Turkey (T) should go first unless the starting chips are in the set of losing (L) starting conditions.

L = {L1 = 2, L2 = 3, L3 = L1 + L2, L4 = L2 + L3, L5 = L3 + L4....}. So it's the Fibonacci sequence without the 1, 1 at the start as those numbers don't make sense given the problem.

My logic is a bit convoluted, but it's the only way I've managed to get anywhere. Basically, the key numbers are the ones in L. There are two ways to win.

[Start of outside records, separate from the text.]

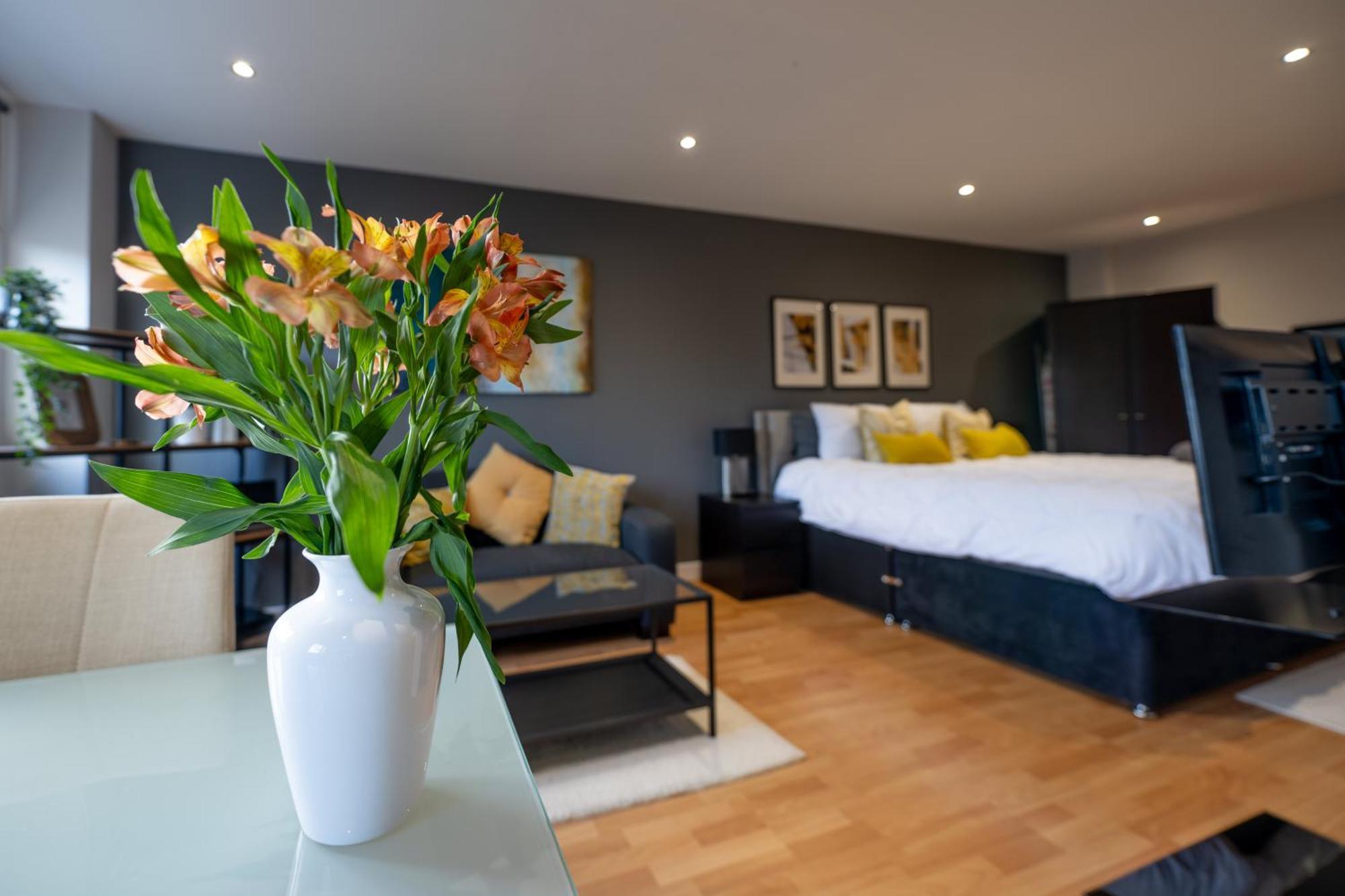 Perfectly Located City Centre Studio Apartment - West One With Free Wifi, Gym Access, Netflix Sheffield Esterno foto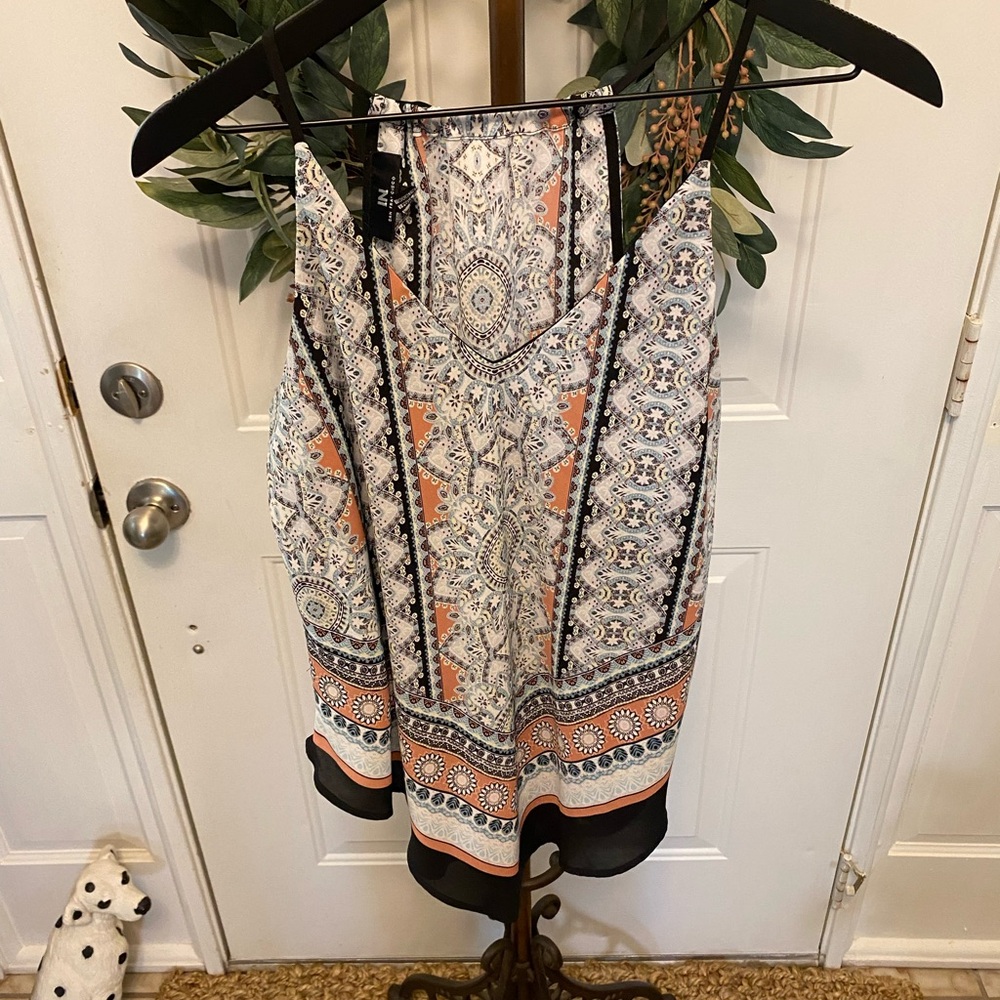 I.N San Francisco V Neck Printed Pointed Hem Scarf Top Camisole Tank M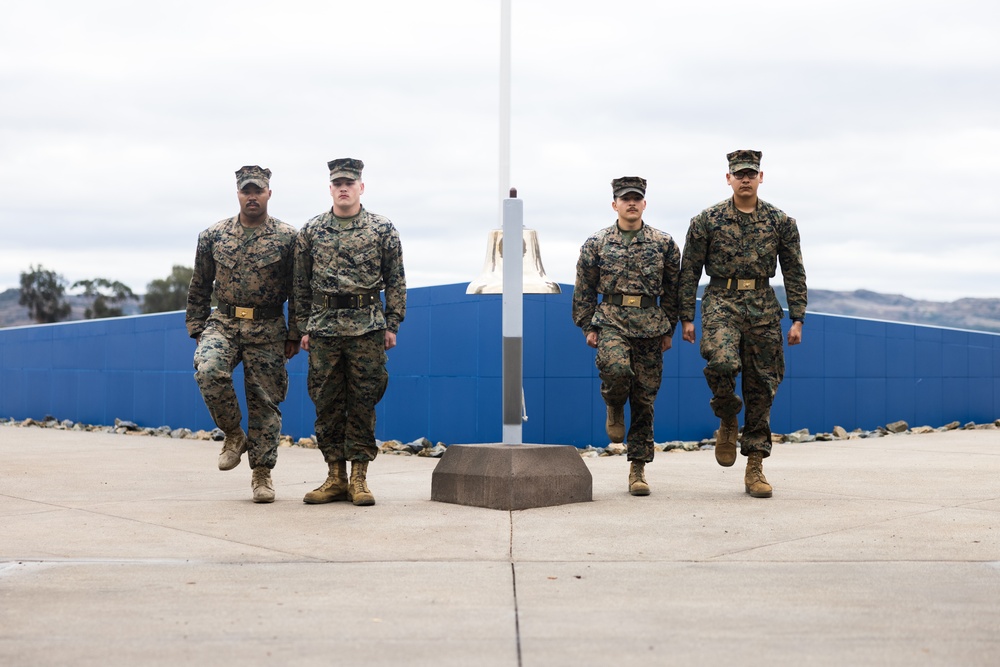 1st MARDIV lowers colors at historic headquarters, raises colors at new command post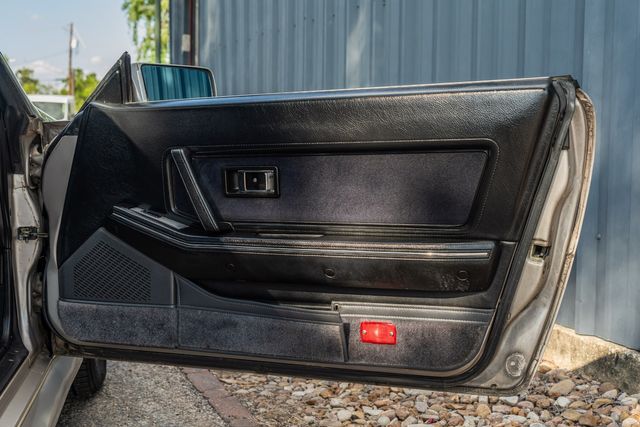 1986 Nissan 300ZX Coupe 5-SPEED MANUAL / CLEAN CARFAX / T TOP | Dallas, TX | Rocky Mountain Truck Stop Dallas 1986 Nissan 300ZX Coupe 5-SPEED MANUAL / CLEAN CARFAX / T TOP | Dallas, TX | Rocky Mountain Truck Stop Dallas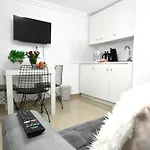 Ferienwohnung & Aparts Am Schloss Park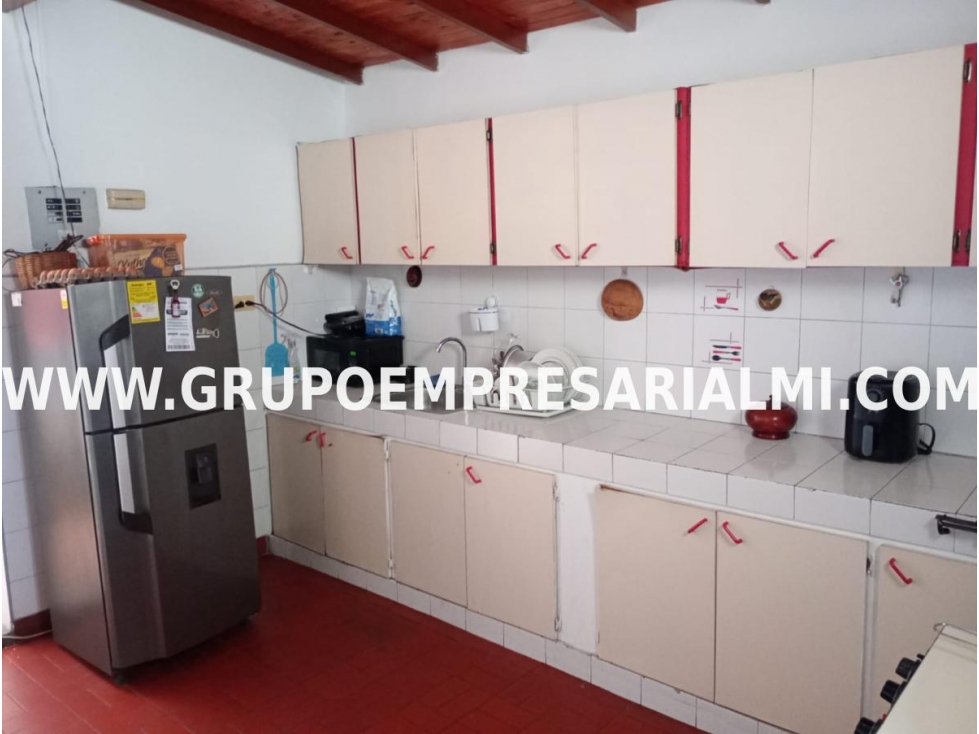 CÓMODA CASA BIFAMILIAR EN VENTA - SECTOR EL GUAYABAL COD: 32249 — foto 4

1. Ideally, on your first play, take as many chips as necessary to leave a number in L. However, you can only do this if the number of chips you take is strictly less than 1/2 of the number of chips you leave. For example, if your starting chips is 7, you can take 2, and leave the homunculus (H) with 5, and since 2 < (5/2) and 5 is in L, you win. However, you lose on 8, because if you take 3 leaving 5, H can win by taking the rest of the chips. So you must take either 1 or 2, but either way, H will leave you with 5 next, and you lose.

2. You also win if the (starting chips) - (the largest member of L that's less than starting chips) is not in L. For example, let's look at 20 chips to start. The key number is 13, as that's highest number in L that is less than 20. Ideally, we'd like to get right down to 13, but if we take 7, H wins by taking the rest of the chips. But, we are in luck as 20 - 13 = 7, and 7 in not in L. This means we can play the game as though the starting chips were 7. Once we take the last chip above 13, we will leave H with 13 and win.

If the number of starting chips gets really large as in the problem, the only way I can think solving it is recursively. The idea is, you need to keep leaving H with various numbers in L, all the way down the ladder. To do that, you may need to examine how you win from smaller numbers and build up. In example 2 above, I know that 7 is a winner. I also know that 5 is a loser, so I'd take 2, leaving 18 which is 5 more than 13. H can take any number from 1-4, but none of those will get him to 13. The most interesting is 1, leaving T with 17. 17 is 4 more than 13, so all still good. We know 3 is in L, so T takes 1, leaving H with 16, which is 3 more than 13. H can take 1 or 2, but either way, T's next play will leave H with 13. Next, T just needs get to the next stop which is 8. He will repeat the above process, stopping at 11 and/or 10 to get there. Then he'll go from 8 to 5, 5 to 3, and then win.